Converting PPOR to IP

Hi All,

I am sure this has been asked before (tried search but no joy).

We are considering converting our current PPOR to an investment property and either
a) purchasing a new PPOR

b) converting one of our other current IP's to a PPOR.

From an ATO perspective what are the mechanics and physical things I need to do (ie, valuation, call and tell them?)

Also - our current PPOR has a very low amount of debt (hence low level of non-deductible debt). Is there anyway of maintaining this low level of non-deductability without selling the current PPOR?

Thanks in advance,

Matto.
 
Have done the 6 year rule a couple of times, but originally lived in it for approx 3 years.

Current Val high 600s. Loan 100.
 
Have done the 6 year rule a couple of times, but originally lived in it for approx 3 years.

Current Val high 600s. Loan 100.

ouch : (

100 k deductability wont make for much of a dedn, thus when u borrow for a new PPOR, your loan will be yucky big, or prob even moving into one of your existing IPs

Might have to look at a spousal sale, OR a unit trust sale.

Stamps involved on the unit trust but dependent on a bunch of things may be worth while. May get away with love and devotion on a spousal sale in regards of stamps, so may be an option.

Careful structuring here may yild some significant immediate "debt recycling" .

ta

rolf
 
In that case one spouse can buy out the other at full market value and borrow to do so. In VIC stamp duty is probably exempt. The purchaser can borrow to do so and the interest should be fully deductible if the property will be used as investment. All the usual deductions would apply.

This will free up cash and increase deductions.

Seek advice as you need to proceed carefully.
 
Hi Terry,

Thanks for the prompt reply. We are just tossing around ideas at the moment.
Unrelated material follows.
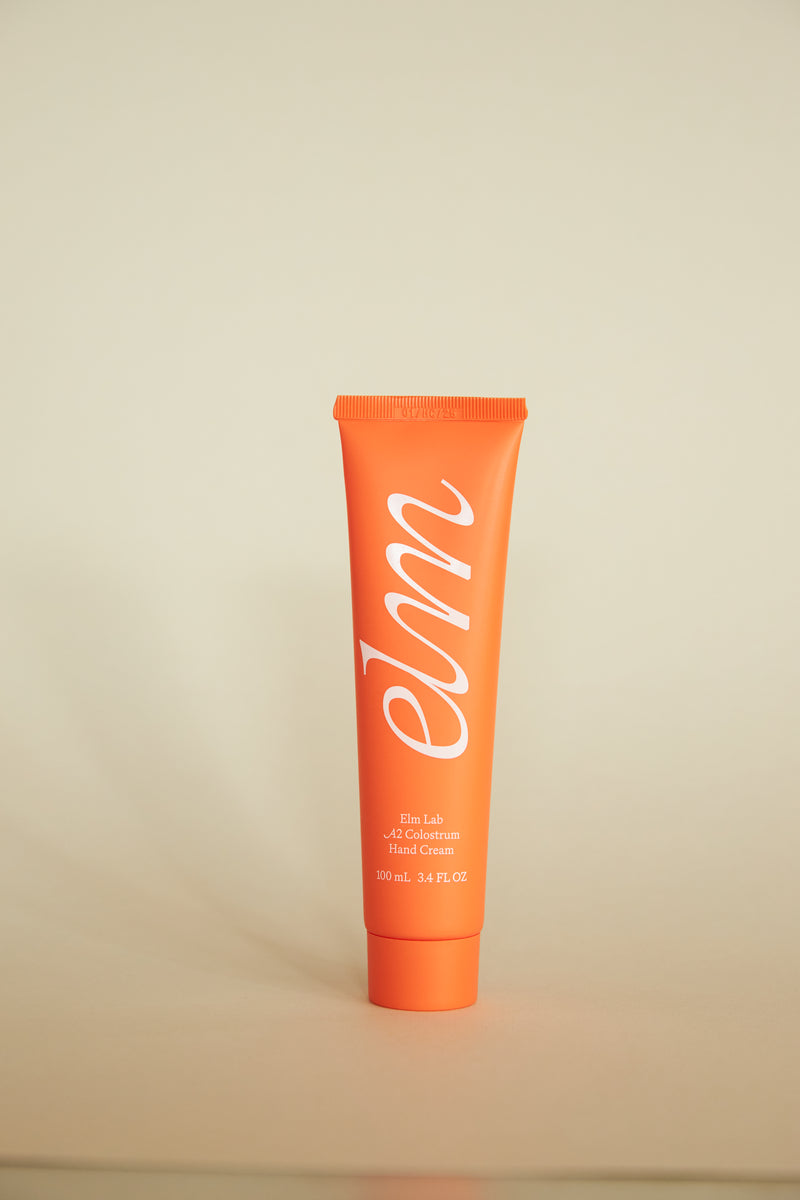 Orange tube of elm hand cream on a beige background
Our current PPOR is the first Property we bought, and have been renting ever since. Had never really considered moving into one of the other properties until very recently.

Who would I get advice from - accountant, financial planner?
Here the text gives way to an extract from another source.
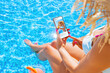 © Kaspars Grinvalds - Woman using video sharing social media app on mobile phone while sitting by the pool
As an aside - how would others get around this, ie. converting PPOR with low loan amount to IP in order to move to bigger/better PPOR? Or is the only option to sell current PPOR, buy new PPOR, along with different IP?

Thanks,

Matt
 
hi Matt,

You would need legal advice on the stamp duty issue. Probably best to consult with your accountant too on the tax side.
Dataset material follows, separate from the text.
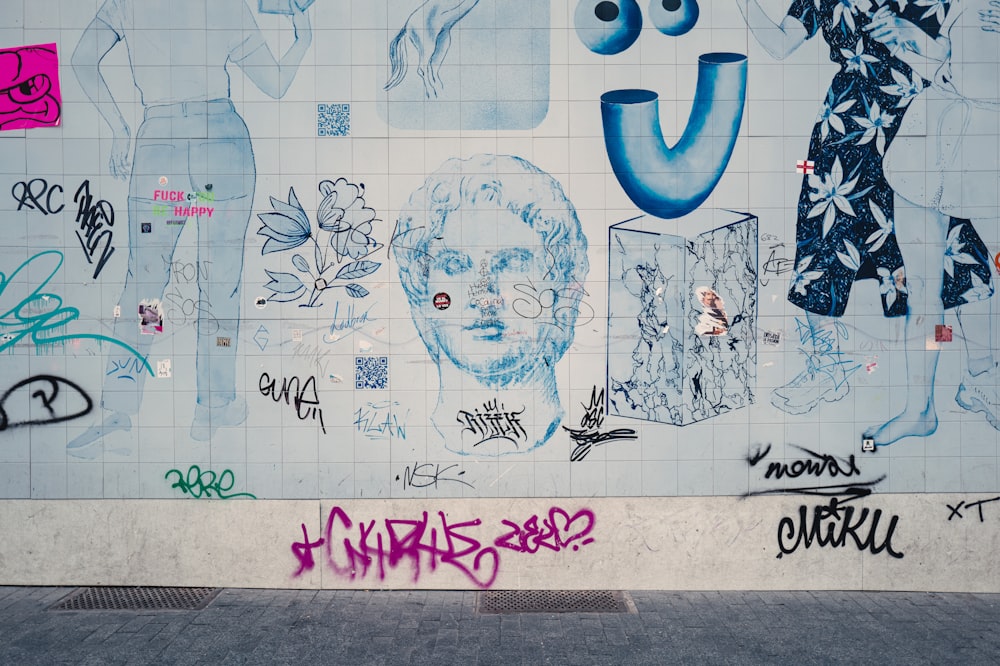 a wall covered in lots of graffiti next to a sidewalk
Most people would either wear the extra tax or sell the house completely. Don't think many are aware of the stamp duty exemption in Vic - it wouldn't work like that in NSW either.
 
See your accountant, then see the lawyer so you can come up with a plan.

It may be cheaper to sell the old property and buy a new property on an interest only loan rather than to hold onto the old one. Most people do have an emotional attachment to the old property so its understandable that you want to hold onto it.